Reproduce word for word the lines between those holding "1939年，日军高级将领川岛谷川在外闲逛之际，一个小男孩向他弯腰行礼。川岛谷川" and "New 2026 Land", inclusive, and nothing else from the data below.

▶ [GIVEN DATA]
▼

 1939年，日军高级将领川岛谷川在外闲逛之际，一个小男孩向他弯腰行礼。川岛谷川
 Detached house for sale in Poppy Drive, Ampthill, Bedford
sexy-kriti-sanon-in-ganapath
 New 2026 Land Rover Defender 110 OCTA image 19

▲
▼

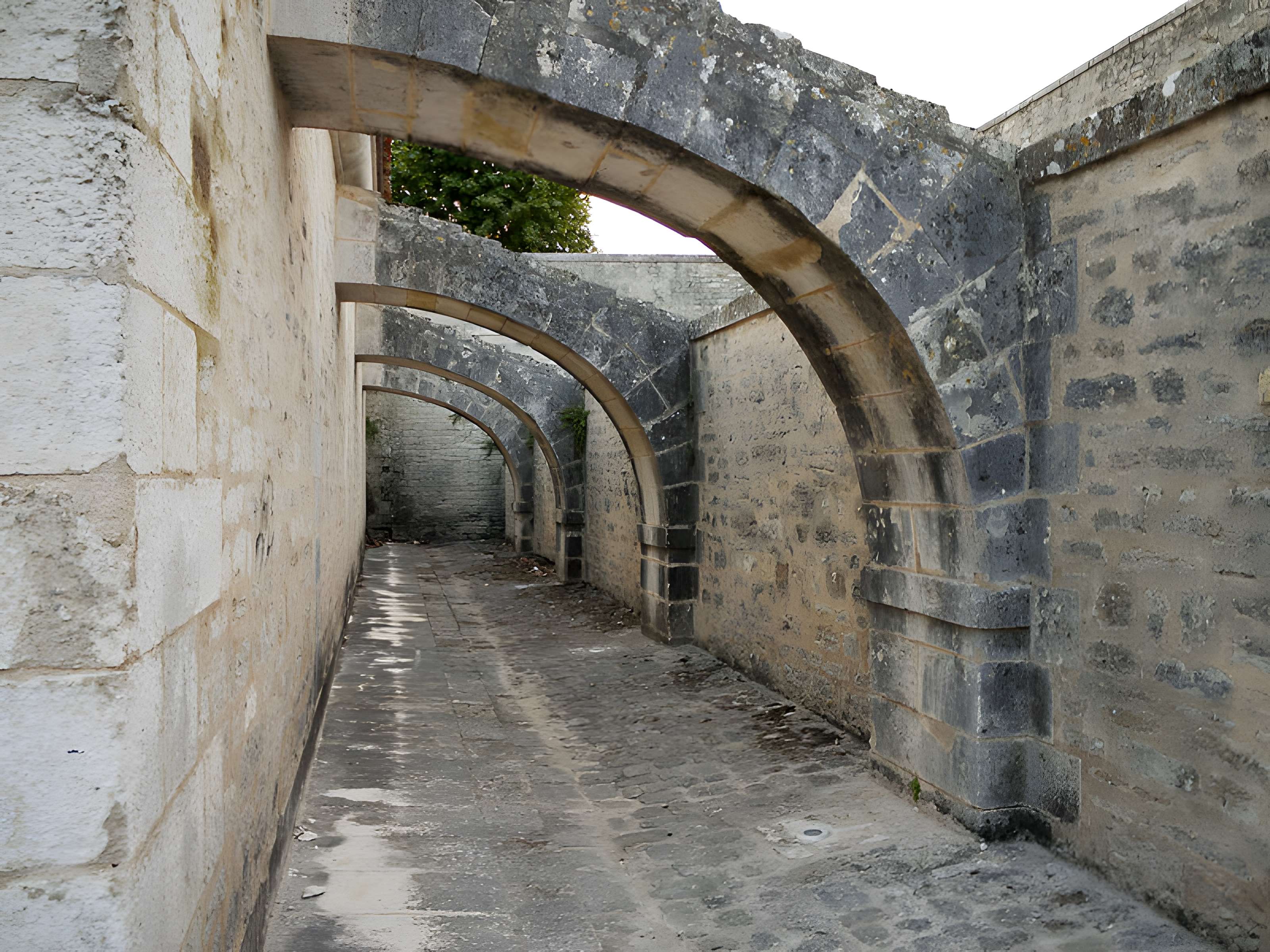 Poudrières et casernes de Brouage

▲
▼

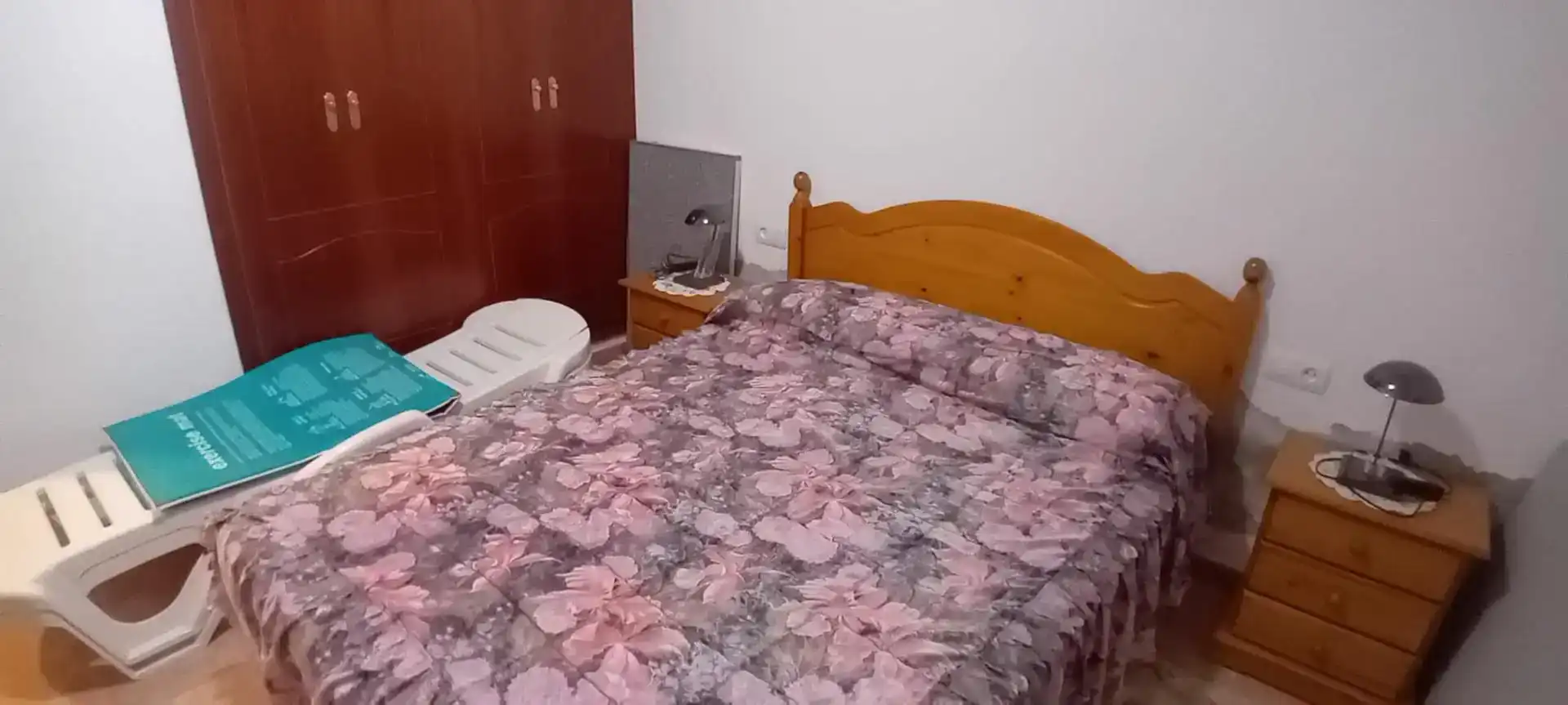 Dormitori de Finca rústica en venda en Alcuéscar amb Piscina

▲

▶ [OUTPUT]
 1939年，日军高级将领川岛谷川在外闲逛之际，一个小男孩向他弯腰行礼。川岛谷川
 Detached house for sale in Poppy Drive, Ampthill, Bedford
sexy-kriti-sanon-in-ganapath
 New 2026 Land Rover Defender 110 OCTA image 19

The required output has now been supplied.